Department of Human Genetics, Yokohama City University Graduate School of Medicine, Japan.
Brain Dev. 2017 Sep;39(8):672-677. doi: 10.1016/j.braindev.2017.03.025. Epub 2017 Apr 9.
The characteristics of epilepsy in patients with Kabuki syndrome with KMT2D mutations (KABUK1) have not yet been well documented. This is the first review to explore this.
MATERIALS & METHODS: We enrolled 14 patients with KABUK1, whose median age was 13.6years (range=4.1-21.3years). Their medical records from October 1981 to May 2016 were retrospectively analyzed.
Epilepsy was present in 5 (36%) patients. Four of these patients presented with nonsense mutations and one with missense mutations. None presented with brain abnormalities. Four patients presented with annual or monthly focal seizures, of which three evolved to bilateral convulsive seizures. Median onset age of focal epilepsy was 11.8years (range=9.5-12.8years).

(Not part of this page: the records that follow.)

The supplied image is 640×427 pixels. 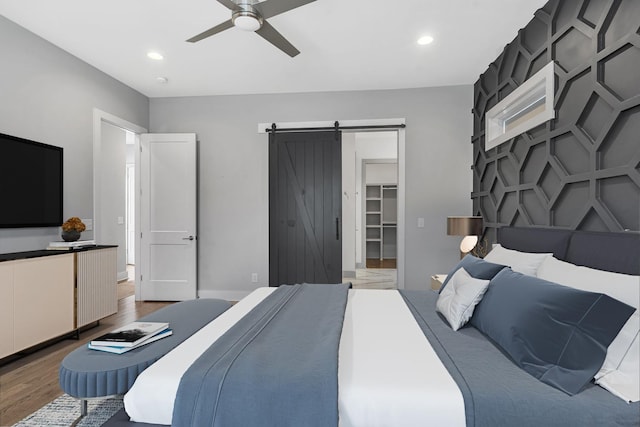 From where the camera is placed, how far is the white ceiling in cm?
264

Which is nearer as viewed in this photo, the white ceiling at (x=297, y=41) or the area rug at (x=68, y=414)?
the area rug at (x=68, y=414)

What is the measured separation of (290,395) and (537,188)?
239 centimetres

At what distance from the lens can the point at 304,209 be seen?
14.6 ft

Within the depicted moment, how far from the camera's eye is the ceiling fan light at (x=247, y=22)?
7.41ft

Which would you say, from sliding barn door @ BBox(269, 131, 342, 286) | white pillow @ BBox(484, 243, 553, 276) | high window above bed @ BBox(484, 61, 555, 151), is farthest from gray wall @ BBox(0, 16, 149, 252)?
high window above bed @ BBox(484, 61, 555, 151)

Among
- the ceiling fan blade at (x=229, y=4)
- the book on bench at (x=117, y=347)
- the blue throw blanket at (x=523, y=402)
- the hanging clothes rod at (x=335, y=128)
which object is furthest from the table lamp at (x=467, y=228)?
the book on bench at (x=117, y=347)

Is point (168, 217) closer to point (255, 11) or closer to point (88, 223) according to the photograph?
point (88, 223)

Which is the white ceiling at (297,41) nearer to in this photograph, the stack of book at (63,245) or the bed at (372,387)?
the stack of book at (63,245)

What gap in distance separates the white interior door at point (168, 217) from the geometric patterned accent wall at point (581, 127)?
12.2 ft

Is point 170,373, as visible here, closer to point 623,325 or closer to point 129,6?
point 623,325

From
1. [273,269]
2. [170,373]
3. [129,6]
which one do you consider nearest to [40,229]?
[129,6]

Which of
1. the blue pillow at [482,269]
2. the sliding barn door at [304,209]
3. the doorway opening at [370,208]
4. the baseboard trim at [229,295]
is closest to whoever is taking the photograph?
the blue pillow at [482,269]

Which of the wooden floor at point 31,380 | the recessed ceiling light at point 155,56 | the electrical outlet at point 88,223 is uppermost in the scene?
the recessed ceiling light at point 155,56

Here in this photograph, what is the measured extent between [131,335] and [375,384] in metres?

One presented with monthly myoclonic seizures from age 11.2, whose mother with no other KABUK1 features, had focal epilepsy. The cumulative incidence of epilepsy related to KABUK1 up until age 13 was 45%. Interictal electroencephalogram revealed focal paroxysmal epileptiform discharges (in frontal, central, and parietal regions) in three patients, diffuse high-voltage spike-and-waves in one patient, and normal sleep record in one patient. Myoclonic seizures were rapidly controlled by levetiracetam. In contrast, focal seizures were not controlled in the early period of antiepileptic therapy.

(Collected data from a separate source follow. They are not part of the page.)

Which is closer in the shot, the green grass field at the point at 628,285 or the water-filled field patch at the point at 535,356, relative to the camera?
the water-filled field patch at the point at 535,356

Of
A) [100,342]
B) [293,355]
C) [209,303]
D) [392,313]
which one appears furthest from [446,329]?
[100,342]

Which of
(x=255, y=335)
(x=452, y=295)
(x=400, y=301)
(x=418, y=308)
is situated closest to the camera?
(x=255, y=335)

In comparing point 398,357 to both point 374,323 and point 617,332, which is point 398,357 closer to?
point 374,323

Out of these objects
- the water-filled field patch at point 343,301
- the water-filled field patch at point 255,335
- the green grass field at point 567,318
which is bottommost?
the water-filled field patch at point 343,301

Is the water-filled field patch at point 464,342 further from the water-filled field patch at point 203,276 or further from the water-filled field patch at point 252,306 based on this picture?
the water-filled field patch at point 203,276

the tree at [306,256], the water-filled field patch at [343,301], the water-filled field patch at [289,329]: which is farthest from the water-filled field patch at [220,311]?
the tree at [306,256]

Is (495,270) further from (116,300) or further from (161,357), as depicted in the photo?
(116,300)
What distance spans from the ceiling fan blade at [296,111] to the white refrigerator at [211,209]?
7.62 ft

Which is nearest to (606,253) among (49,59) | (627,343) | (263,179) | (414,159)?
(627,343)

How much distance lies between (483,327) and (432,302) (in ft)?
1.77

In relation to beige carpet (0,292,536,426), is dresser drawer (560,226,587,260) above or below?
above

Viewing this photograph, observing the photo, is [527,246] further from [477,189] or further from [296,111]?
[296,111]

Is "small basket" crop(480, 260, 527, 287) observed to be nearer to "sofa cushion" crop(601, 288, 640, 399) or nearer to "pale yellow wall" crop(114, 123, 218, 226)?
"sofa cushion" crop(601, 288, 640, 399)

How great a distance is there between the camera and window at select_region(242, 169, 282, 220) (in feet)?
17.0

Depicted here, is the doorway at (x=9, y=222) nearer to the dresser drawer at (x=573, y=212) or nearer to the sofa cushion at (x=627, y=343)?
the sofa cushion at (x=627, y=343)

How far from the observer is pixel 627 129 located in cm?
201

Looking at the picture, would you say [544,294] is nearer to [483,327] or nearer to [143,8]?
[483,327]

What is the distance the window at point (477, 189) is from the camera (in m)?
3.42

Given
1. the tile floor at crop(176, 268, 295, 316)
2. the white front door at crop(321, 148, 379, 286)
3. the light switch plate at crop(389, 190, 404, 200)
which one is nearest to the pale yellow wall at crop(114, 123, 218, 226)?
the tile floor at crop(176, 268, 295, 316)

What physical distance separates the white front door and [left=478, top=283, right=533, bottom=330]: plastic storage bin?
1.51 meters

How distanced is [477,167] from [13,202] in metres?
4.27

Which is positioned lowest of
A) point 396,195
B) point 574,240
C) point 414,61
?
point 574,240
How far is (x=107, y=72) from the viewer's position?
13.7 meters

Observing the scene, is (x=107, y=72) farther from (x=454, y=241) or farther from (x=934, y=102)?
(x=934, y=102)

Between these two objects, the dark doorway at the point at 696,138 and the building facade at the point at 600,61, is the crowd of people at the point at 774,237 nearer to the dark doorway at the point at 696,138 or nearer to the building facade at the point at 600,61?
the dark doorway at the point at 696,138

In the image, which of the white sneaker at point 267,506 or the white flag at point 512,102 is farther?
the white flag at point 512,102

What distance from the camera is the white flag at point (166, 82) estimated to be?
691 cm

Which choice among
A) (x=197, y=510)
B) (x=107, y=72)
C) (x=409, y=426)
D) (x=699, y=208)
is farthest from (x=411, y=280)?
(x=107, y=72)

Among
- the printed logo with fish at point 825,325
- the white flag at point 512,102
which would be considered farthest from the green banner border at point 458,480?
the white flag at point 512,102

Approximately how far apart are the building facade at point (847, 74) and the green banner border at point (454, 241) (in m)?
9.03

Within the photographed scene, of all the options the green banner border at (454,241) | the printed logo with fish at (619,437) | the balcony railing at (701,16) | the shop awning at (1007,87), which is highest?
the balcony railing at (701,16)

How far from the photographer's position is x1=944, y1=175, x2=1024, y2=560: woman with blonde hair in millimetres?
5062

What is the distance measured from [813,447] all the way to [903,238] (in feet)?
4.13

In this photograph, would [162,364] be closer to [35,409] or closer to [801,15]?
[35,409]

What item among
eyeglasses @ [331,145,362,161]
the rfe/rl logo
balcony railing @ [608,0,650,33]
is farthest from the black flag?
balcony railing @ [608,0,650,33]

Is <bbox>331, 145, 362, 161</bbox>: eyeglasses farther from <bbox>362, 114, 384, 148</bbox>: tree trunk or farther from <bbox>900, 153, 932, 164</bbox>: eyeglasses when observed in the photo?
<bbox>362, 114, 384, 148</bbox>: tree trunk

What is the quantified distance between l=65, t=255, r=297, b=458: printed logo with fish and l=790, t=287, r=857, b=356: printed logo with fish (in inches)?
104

This long-term follow-up of patients with KABUK1 revealed a higher prevalence of epilepsy than previously reported. The age of epilepsy onset and rate of focal seizures evolving to bilateral convulsive seizures in KABUK1 were also higher than previously reported in patients with clinically diagnosed Kabuki syndrome. Although seizure outcome is reported to be favorable in Kabuki syndrome, focal seizures in patients with KABUK1 were not immediately responsive to medication.
KMT2D突变型歌舞伎综合征患者(KABUK1)的癫痫特征尚未得到充分记录。本文首次对此进行综述。

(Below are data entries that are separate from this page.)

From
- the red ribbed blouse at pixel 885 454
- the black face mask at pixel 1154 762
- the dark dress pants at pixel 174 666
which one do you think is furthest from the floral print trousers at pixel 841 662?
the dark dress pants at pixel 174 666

我们纳入了14例KABUK1患者,中位年龄为13.6岁(范围=4.1 - 21.3岁)。回顾性分析了他们从1981年10月至2016年5月的病历。
5例(36%)患者患有癫痫。其中4例患者为无义突变,1例为错义突变。均无脑部异常。4例患者出现每年或每月的局灶性发作,其中3例发展为双侧惊厥性发作。局灶性癫痫的中位发病年龄为11.8岁(范围=9.5 - 12.8岁)。1例患者从11.2岁起每月出现肌阵挛发作,其母亲无其他KABUK1特征,但患有局灶性癫痫。13岁前与KABUK1相关的癫痫累积发病率为45%。发作间期脑电图显示,3例患者有局灶性阵发性癫痫样放电(位于额叶、中央区和顶叶),1例患者有弥漫性高电压棘波和慢波,1例患者睡眠记录正常。肌阵挛发作可被左乙拉西坦迅速控制。相比之下,在抗癫痫治疗早期,局灶性发作未得到控制。
对KABUK1患者的长期随访显示,癫痫患病率高于先前报道。KABUK1患者的癫痫发病年龄以及局灶性发作发展为双侧惊厥性发作的比例也高于先前临床诊断的歌舞伎综合征患者。尽管据报道歌舞伎综合征的癫痫发作预后良好,但KABUK1患者的局灶性发作对药物治疗并非立即有效。